Years ago, when I was deep in relationship with my first love, who would die three years after this story,  I was a hummingbird living in an intoxicating city. Even the smell of the exhaust fumes of the cars thrilled me, it was all heady – the museums, the history, the concrete and the sizzling dance clubs.

I slipped into life then as one might slip into a silk dress that loves every curve of your body.

Only my love’s hands and his sea blue eyes could stop me from moving, as I went from restaurant to dinner party, to meetings to laughter, to South America and England.

One day my love challenged me to stop.

Stop what, I said, applying lip gloss and searching my closet for black high heels, Louie Armstrong crooning us on the record player in the background.

Just stop, he said, unbuttoning as I buttoned.  I’m going to take you to an island where nothing is happening.

Nothing?  

Oh, I said, putting tissue paper on my too bright lips, there is nowhere in the world where nothing is happening, I replied, thinking I was so wise at twenty years around the sun.

So he challenged me to four days with him on a deserted island, and he chose a tiny island in the Bahamas.

Though hummingbirds prefer to travel alone, I said yes.

To get there, we had to take one big airplane, followed by two small planes that landed on thin strips of land with crashed airplanes on each side of the runways, making even a woman with wings nervous.

Finally, we took a small a boat ride to our destination – a tiny island, where we rented a small home on the ocean with a gray boat docked beside it.

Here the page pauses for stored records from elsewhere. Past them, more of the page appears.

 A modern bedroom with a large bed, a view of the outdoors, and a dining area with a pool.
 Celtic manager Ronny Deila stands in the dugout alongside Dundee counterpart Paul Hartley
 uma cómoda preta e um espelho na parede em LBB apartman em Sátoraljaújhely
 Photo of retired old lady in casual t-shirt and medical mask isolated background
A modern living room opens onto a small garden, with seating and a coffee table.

And I was happy, and so was my love, in that blue home with a small front porch and red Bougainvillea  draped across it.  He watched me read J.D. Salinger and Alice Walker, and marvel at the island flora.

We walked across the island that was just a few miles by a mile wide and met the only teacher, her small schoolhouse, the tiny store that sold gum and candy and popsicles (we brought our own groceries on the boat).

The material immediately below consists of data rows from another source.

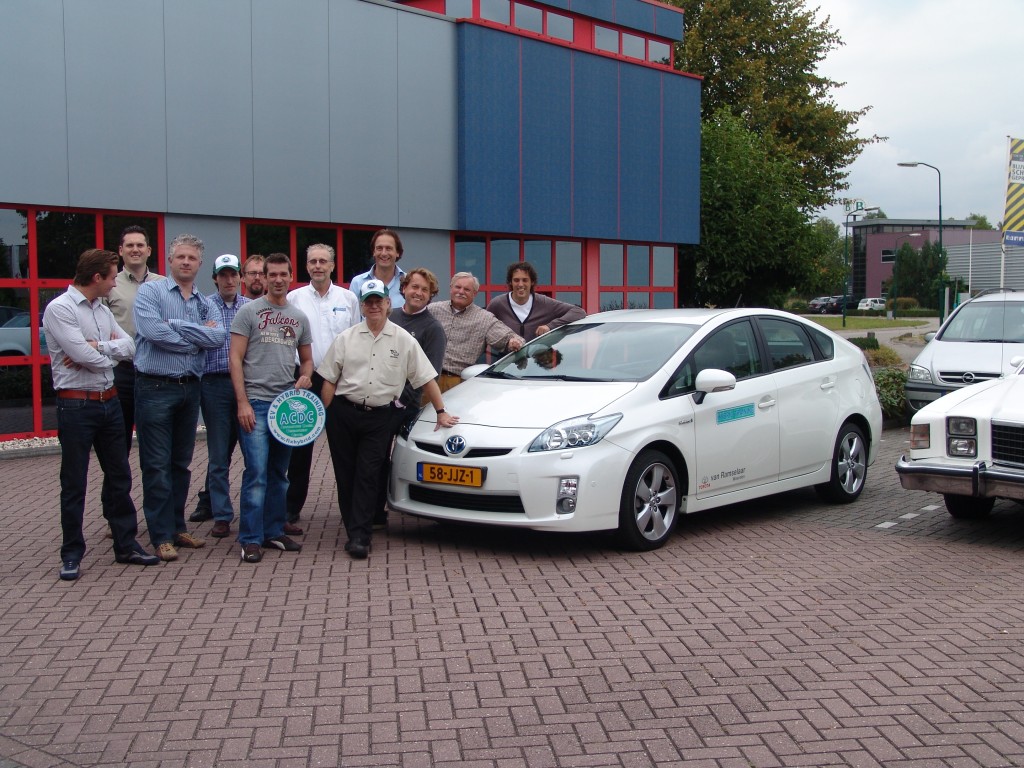 Craig van Batenburg, leaning on the hood of a Prius, in the Netherlands at Midtronics office. 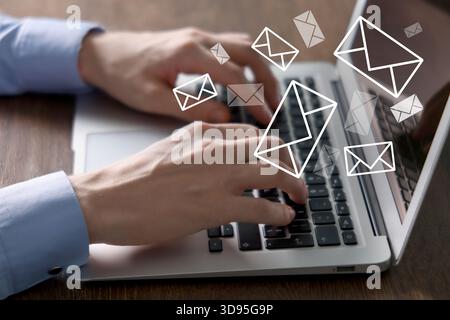 Homme envoyant ou recevant des e-mails sur ordinateur portable à table, gros plan. Lettres qui volent hors de l'écran Banque D'Images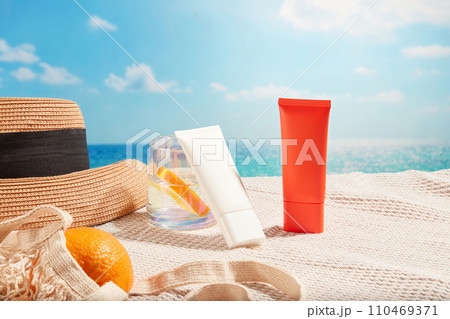 Sunscreen tubes in different colors displayed on the scarf with a water cup, beach hat and a mesh bag of oranges. Cosmetic concept with sun protection and regenerating products for skin Sunscreen tubes in different colors displayed on the scarf with a water cup, beach hat and a mesh bag of oranges. Cosmetic concept with sun protection and regenerating products for skin 110469371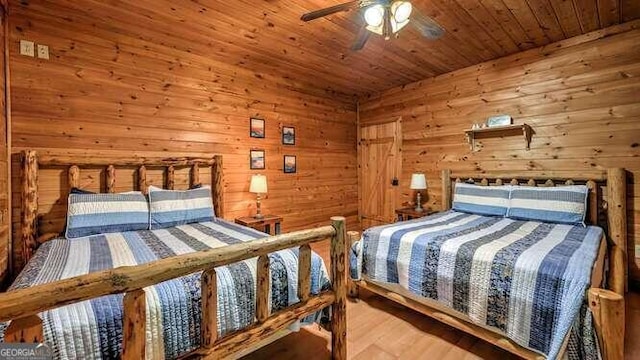 bedroom featuring wooden ceiling, wood-type flooring, wood walls, and ceiling fan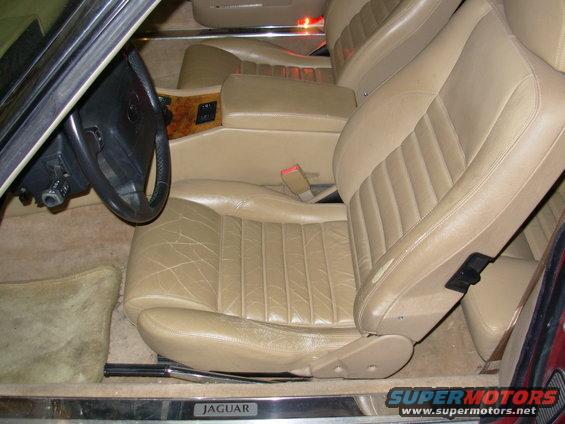 Interior of a 1992 Jaguar XJ-S showing tan leather seats, wood trim, and steering wheel
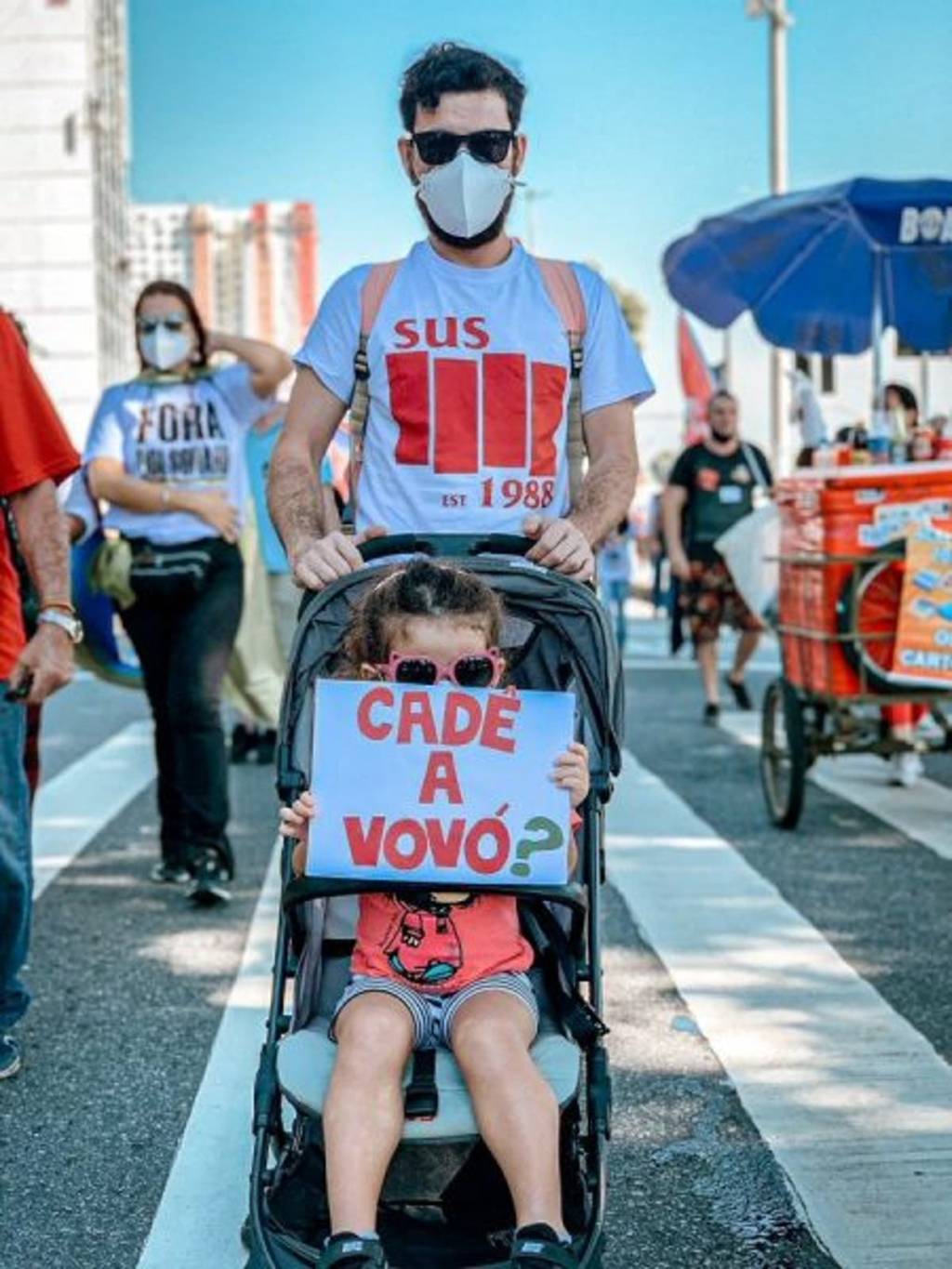 A imagem mostra uma menina pequena no carrinho de bebê segurando um cartaz onde se lê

We made love and took the boat out on the blue-green bay and dove into waves and swam naked on beaches where we never saw another person. 

And I got restless.

And after two days, when I had read all the books I brought and was tapping my fingers on the coffee table looking for a way back to the city, there was a knock on our door.

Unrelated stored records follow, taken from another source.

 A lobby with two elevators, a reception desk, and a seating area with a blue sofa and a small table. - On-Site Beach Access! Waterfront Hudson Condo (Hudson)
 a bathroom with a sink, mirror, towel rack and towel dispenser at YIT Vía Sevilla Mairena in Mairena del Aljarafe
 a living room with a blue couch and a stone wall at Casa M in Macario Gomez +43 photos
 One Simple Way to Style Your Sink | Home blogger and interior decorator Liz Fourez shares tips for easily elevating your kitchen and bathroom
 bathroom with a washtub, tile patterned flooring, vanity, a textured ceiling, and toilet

The man who brought us by boat had a radio and told us a hurricane was coming, and we should leave. He left the radio with us to help us decide, but he was leaving in the morning, and after that, we wouldn’t be able to go anywhere.

I was saved by the knock on the door.

I thought I had won the bet – he thought I lost it.

We declared a tie as we packed my sundresses and books and sandals. I also packed the ocean air, the night sky, the heady perfume of the frangapani flower and candy from the local store.

Hummingbirds can fly backward, and we took the journey in reverse the next morning, and landed back in the city of culture and exhaust fumes and jazz and theatre, where I could slip my heels back onto my sandy feet.

But that small island lived inside me all those years, just as that man lives inside me still, and twenty years later, I found Kauai. 

That city girl is still alive and well, though I’m calling in a move that takes me farther and farther from city, where silence is ocean waves and water moving over rocks and chickens and toads. Where I have to drive my car to get groceries, and every day I can run the beach.

Sometimes it takes a hummingbird years to find their spot, only to find it’s been living inside them all along.

I am still moving fast, just in a different way.